Après la seconde guerre mondiale, les entreprises américaines ont servi d’appui à une vision planificatrice et bureaucratique du management. Mais, dès les années 1970, ce modèle est remis en cause par les succès des entreprises japonaises, qui bouleversent les méthodes de production industrielle en introduisant la gestion en flux tendu et une organisation participative du travail.

Au début des années 1990, les Etats-Unis reviennent au-devant de la scène avec le modèle de la Silicon Valley, qui combine dynamisme entrepreneurial, innovation, capital-risque et fort investissement public dans la recherche. L’exemple n’est plus General Motors, mais Intel ou Google. Cette réussite par l’innovation coopérative n’empêche pas les Etats-Unis de diffuser à travers le monde une vision financière et actionnariale de l’entreprise où celle-ci est un assemblage flexible de compétences techniques et commerciales destiné à procurer à court terme un avantage compétitif.

Cette conception a contribué à la crise actuelle. Elle a aussi masqué les modèles de croissance et d’internationalisation des entreprises des pays émergents qui, pourtant, ne disposaient pas d’avantages compétitifs majeurs par rapport aux entreprises occidentales (Mauro F.Guillen and Esteban Garcia-Canal, “The American model of the multinational firm and the “new” multinationals from emerging economies”, Academy of Management Perspectives, 23/2, mai2009). Les nouvelles multinationales d’Amérique latine (Embraer, Natura Cosmeticos, Tenaris…), de Chine (Haier, Huawei, Lenovo), de Corée du Sud (Hyundai, LG Samsung) ou d’Inde (Infosys, Tata, Wypro…) développent au contraire un “management du plus faible” qui sait qu’il doit combler ses handicaps autant par l’imitation et l’apprentissage que par l’innovation.

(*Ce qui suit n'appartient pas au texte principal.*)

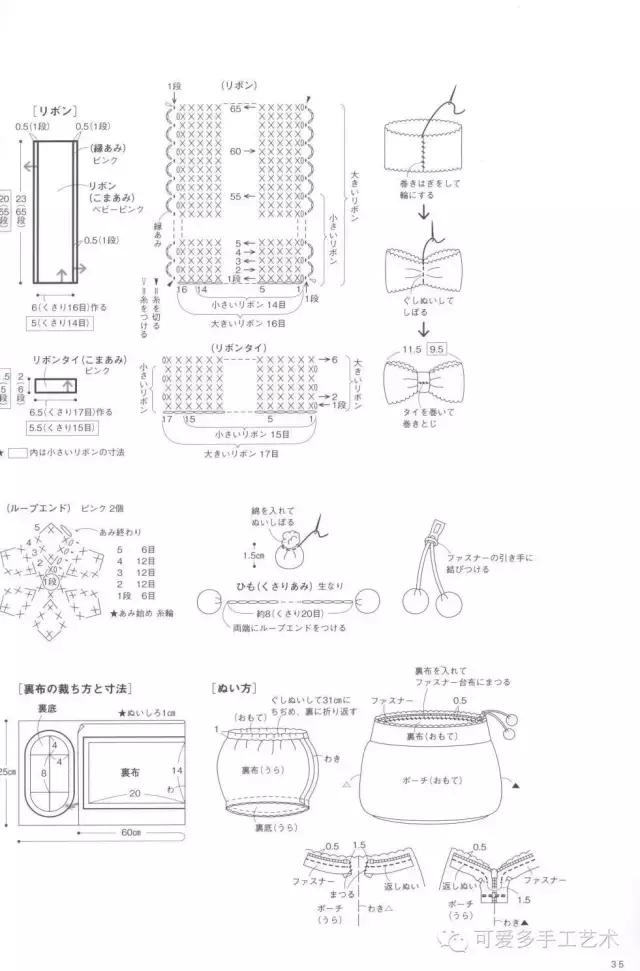 钩针包包教程大全简单，编织几款这样的包包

Elles ont alors cherché une internationalisation rapide fondée sur l’adaptation à des marchés locaux, notamment dans les pays émergents. Elles ont aussi privilégié les alliances avec des partenaires techniquement plus avancés, tout en s’efforçant de trouver des formes d’organisation originales.

Le modèle de management américain est-il en déclin ? Il serait plus rigoureux de penser qu’un tel modèle n’a jamais vraiment existé et que, aux Etats-Unis comme ailleurs, de multiples conceptions se sont développées et opposées.

En revanche, le primat doctrinal accordé au management américain a plus servi la réputation des “business schools” américaines que les entreprises qui ont cédé à cette illusion. Car, en gestion, le savoir accumulé est utile… si l’on a conscience que les défis futurs exigeront l’invention de nouveaux modèles. Il incombe donc aux sciences de gestion de ne pas diffuser des doctrines faussement universelles. Mais plutôt de construire les cadres scientifiques qui éclairent la variété des modèles, tout en aidant à leur renouvellement.